Exercise —
Tally every line in the listing that holds the string "Road", then state the total and nothing more.

Material for the task —
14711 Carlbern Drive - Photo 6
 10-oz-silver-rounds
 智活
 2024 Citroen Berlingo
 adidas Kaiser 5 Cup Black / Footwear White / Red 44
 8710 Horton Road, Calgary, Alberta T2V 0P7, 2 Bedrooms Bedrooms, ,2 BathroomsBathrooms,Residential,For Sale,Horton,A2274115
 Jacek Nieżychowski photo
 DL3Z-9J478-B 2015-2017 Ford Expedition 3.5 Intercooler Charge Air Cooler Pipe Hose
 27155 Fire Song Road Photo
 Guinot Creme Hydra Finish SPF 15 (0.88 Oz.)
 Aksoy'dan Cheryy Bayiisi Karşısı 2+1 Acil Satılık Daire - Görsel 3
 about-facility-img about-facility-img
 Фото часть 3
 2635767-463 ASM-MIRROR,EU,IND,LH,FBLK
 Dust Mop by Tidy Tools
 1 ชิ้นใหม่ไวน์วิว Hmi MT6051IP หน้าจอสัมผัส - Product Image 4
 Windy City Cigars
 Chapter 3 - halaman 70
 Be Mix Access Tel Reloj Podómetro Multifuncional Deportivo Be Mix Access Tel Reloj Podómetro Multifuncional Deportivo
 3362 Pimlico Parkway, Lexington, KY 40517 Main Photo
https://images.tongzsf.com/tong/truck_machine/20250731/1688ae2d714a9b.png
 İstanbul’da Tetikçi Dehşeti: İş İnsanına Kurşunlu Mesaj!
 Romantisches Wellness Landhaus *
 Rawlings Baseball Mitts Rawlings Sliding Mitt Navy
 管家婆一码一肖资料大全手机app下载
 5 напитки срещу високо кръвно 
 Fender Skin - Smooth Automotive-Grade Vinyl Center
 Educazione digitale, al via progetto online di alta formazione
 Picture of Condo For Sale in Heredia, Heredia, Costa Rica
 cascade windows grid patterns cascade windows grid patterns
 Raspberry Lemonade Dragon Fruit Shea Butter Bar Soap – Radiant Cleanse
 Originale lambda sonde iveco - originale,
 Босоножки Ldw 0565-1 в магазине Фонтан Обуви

Response to this exercise —
2